/pixiv-bookmarks-explorer

Backup your pixiv bookmarks and view them. (experimental app)

Primary LanguageHTMLApache License 2.0Apache-2.0

pixiv-bookmarks-explorer

A tool to back up and explore your favorite pixiv artworks in case they get deleted.

Disclaimer

This application is NOT production-ready and shouldn't be treated as such.
It is not uWSGI-ready, meaning it will only run as a single worker application. Either configure uWSGI (or your WSGI server) properly to only spawn a single worker, or use the embedded werkzeug development server.
Failing to configure your WSGI server properly may cause a de-synchronization with artworks, resulting in potential data loss or corruption if refresh or delete is used, as artworks are only loaded on application start.

The provided app_key can be modified, and only allows Flask's flash() method to work properly.

Setup and run

The following setup guide assumes that you have a valid Python (and pip) as well as git installed on your machine.

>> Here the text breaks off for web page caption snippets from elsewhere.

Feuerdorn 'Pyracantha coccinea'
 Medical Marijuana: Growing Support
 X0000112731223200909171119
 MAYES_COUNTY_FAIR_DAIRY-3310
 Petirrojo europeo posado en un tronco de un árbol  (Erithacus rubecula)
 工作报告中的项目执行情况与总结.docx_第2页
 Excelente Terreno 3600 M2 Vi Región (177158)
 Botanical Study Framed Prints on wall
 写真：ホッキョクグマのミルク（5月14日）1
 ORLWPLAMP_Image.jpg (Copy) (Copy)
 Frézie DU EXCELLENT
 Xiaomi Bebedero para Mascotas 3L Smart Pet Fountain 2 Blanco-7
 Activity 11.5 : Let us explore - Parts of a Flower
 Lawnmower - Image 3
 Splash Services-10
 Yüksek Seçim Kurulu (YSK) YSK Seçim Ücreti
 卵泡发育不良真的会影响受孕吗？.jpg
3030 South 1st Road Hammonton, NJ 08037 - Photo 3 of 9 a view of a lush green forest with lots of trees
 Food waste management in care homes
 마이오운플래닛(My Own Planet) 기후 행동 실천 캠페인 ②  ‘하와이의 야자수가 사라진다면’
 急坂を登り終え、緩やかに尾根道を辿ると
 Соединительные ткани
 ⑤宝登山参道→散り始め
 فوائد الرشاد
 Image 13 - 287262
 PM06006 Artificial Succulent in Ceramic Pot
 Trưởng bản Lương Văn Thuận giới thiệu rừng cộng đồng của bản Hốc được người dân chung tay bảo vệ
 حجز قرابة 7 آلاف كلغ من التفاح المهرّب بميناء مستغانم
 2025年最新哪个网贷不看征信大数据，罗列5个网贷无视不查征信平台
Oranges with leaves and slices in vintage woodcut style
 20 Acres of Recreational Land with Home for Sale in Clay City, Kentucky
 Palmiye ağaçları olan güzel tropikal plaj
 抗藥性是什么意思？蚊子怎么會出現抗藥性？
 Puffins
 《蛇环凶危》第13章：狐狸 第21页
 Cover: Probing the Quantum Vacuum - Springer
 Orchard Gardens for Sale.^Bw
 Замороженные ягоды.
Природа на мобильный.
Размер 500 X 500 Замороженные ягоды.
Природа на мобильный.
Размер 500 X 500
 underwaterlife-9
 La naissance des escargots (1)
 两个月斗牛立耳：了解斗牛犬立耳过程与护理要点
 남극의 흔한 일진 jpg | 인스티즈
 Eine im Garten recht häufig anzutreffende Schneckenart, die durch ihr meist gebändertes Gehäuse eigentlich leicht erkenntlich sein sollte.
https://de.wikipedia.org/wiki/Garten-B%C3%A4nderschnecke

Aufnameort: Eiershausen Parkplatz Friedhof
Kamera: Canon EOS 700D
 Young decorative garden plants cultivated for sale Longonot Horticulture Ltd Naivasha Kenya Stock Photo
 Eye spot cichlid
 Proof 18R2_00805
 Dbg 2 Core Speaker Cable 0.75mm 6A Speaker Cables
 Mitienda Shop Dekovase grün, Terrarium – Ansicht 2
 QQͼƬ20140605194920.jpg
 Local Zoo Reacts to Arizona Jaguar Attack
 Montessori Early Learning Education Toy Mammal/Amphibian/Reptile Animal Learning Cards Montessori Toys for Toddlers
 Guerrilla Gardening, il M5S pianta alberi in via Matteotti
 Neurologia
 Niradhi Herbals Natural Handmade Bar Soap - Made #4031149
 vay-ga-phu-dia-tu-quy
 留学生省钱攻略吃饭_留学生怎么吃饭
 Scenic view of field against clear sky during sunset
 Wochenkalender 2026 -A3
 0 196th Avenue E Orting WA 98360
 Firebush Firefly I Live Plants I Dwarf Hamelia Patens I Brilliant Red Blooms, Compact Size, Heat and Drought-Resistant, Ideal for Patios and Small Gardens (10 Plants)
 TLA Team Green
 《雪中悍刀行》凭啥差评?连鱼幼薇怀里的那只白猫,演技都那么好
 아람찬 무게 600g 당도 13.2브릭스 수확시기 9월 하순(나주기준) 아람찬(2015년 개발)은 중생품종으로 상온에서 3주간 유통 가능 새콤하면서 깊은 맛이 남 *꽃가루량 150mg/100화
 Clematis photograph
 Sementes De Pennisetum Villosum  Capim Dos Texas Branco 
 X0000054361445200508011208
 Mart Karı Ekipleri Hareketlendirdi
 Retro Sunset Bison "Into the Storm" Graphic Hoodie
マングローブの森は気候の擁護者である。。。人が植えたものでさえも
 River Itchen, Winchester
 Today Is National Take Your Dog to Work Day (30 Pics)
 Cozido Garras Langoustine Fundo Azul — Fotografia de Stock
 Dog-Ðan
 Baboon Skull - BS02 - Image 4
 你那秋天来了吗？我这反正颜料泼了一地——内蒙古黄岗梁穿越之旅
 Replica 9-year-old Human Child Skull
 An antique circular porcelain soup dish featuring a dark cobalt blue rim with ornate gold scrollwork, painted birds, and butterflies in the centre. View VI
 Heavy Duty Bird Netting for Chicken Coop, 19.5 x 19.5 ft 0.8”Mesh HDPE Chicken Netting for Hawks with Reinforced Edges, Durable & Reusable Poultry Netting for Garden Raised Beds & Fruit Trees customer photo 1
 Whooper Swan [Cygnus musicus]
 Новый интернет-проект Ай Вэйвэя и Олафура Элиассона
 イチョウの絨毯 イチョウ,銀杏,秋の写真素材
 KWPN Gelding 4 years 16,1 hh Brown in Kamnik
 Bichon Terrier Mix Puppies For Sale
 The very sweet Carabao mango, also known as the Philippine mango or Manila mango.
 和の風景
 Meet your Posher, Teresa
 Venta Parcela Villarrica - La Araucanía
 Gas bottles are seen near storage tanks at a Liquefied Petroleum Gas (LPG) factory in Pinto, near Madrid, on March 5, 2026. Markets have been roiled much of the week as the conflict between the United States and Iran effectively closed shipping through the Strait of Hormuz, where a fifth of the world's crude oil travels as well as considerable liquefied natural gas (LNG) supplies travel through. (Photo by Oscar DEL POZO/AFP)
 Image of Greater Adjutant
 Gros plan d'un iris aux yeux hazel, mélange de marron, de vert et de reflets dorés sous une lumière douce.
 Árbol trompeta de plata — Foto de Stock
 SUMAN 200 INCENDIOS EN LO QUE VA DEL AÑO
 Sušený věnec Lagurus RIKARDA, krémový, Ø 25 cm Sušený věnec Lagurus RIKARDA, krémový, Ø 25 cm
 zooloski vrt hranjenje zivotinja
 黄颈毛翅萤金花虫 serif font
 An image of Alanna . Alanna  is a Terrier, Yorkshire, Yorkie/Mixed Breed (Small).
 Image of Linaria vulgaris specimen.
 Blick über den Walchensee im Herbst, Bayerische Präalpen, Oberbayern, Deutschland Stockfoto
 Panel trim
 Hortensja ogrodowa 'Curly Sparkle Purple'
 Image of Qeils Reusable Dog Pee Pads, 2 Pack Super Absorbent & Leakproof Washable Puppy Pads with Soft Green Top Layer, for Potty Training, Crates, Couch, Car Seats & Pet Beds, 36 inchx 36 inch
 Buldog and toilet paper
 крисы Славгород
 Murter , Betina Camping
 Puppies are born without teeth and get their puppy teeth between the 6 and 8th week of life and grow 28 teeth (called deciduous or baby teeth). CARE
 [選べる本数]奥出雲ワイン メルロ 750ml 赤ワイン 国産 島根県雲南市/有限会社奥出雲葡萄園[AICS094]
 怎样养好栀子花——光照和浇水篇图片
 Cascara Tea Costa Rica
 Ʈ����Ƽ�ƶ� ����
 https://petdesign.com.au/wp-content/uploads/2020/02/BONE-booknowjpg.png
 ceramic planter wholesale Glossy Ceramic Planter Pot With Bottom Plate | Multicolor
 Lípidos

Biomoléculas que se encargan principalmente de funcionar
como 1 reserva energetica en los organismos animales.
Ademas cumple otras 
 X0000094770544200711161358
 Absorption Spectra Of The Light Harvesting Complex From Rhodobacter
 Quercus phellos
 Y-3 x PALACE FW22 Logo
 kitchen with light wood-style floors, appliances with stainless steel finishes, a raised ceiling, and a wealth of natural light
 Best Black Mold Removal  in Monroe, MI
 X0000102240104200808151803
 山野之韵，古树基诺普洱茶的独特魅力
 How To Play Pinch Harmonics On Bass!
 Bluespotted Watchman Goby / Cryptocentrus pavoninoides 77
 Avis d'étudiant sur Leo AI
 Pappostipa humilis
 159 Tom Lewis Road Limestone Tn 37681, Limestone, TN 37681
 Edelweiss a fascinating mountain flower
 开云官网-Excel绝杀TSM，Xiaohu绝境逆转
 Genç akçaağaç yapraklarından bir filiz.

  1. Grab your pixiv refresh token. You can use this gist to retrieve your own refresh token. Save it for later.
  2. Clone the repository with git clone github.com/Proxymiity/pixiv-bookmarks-explorer
  3. Run pip install -r requirements.txt (you may need to use pip3, python -m pip or python -m pip3 depending on your OS.)
  4. Edit config.json (see the config sample below for more info)
  5. Run python app.py and visit the address printed to the console.

Configuration sample

{
    "pixiv": {
        "access": "",
        "refresh": ""
    },
    "display": {
        "home": {
            "image": "original",
            "ipp": "50",
            "order": "default"
        },
        "artwork": {
            "image": "original"
        },
        "nsfw": "hidden"
    },
    "app_key": "3A#RSiFq5zO4qMqO22gnF65B&9ayUSD^6Bwh3we@JIlCF$wkf#gi$Y%A%xKW3iZTIo",
    "read_only": false,
    "read_only_token": "O5yvij95F2C3AibqmYvRZhu0",
    "temp_path": "./tmp",
    "filesystem": "local",
    "filesystem_options": {
        "path": "./data",
        "server": "",
        "token": "",
        "proxy": false
    }
}
  • pixiv.access refers to your pixiv access token, which will be updated accordingly. It is not mandatory.
  • pixiv.refresh refers to your pixiv refresh token. It is mandatory and must be valid.
  • display.* refers to display settings, which can be changed using the GUI:
    • display.home.image sets the image format to use on the home page.
    • display.home.ipp sets the number of images per home page.
    • display.home.order defines the display order for artworks on the home page.
    • display.artwork.image sets the image format to use when viewing artworks.
    • display.nsfw sets the 'Not Safe For Work' artwork policy. (see below)
  • app_key is mandatory in order to display warnings/errors, using sessions.
  • read_only makes the application read-only, preventing clients from refreshing or deleting artworks. (see below)
  • read_only_token specifies the token used to refresh or delete artworks while the app is read-only.
  • temp_path sets the temporary path where artworks are downloaded before they are copied/uploaded.
  • filesystem sets whether to use local or remote storage:
    • filesystem_options.path sets the location where artworks are stored if using filesystem = local
    • filesystem_options.server sets the URL of the storage server if using filesystem = remote (see below)
    • filesystem_options.token sets the token of the remote storage server if using filesystem = remote
    • filesystem_options.proxy sets whether to proxy images from the storage server or redirect the client to the server if using filesystem = remote

Deployment and read-only state

As mentioned earlier, this app shouldn't be deployed to public. But, if you want to expose this app to the web, you should be aware that anyone can trigger a refresh or delete artworks.
This could result in issues:

  • Users deleting artworks you downloaded (which isn't a big deal if they're still available)
  • Users spamming the refresh endpoint (which could probably result in an account termination for scripting/scraping)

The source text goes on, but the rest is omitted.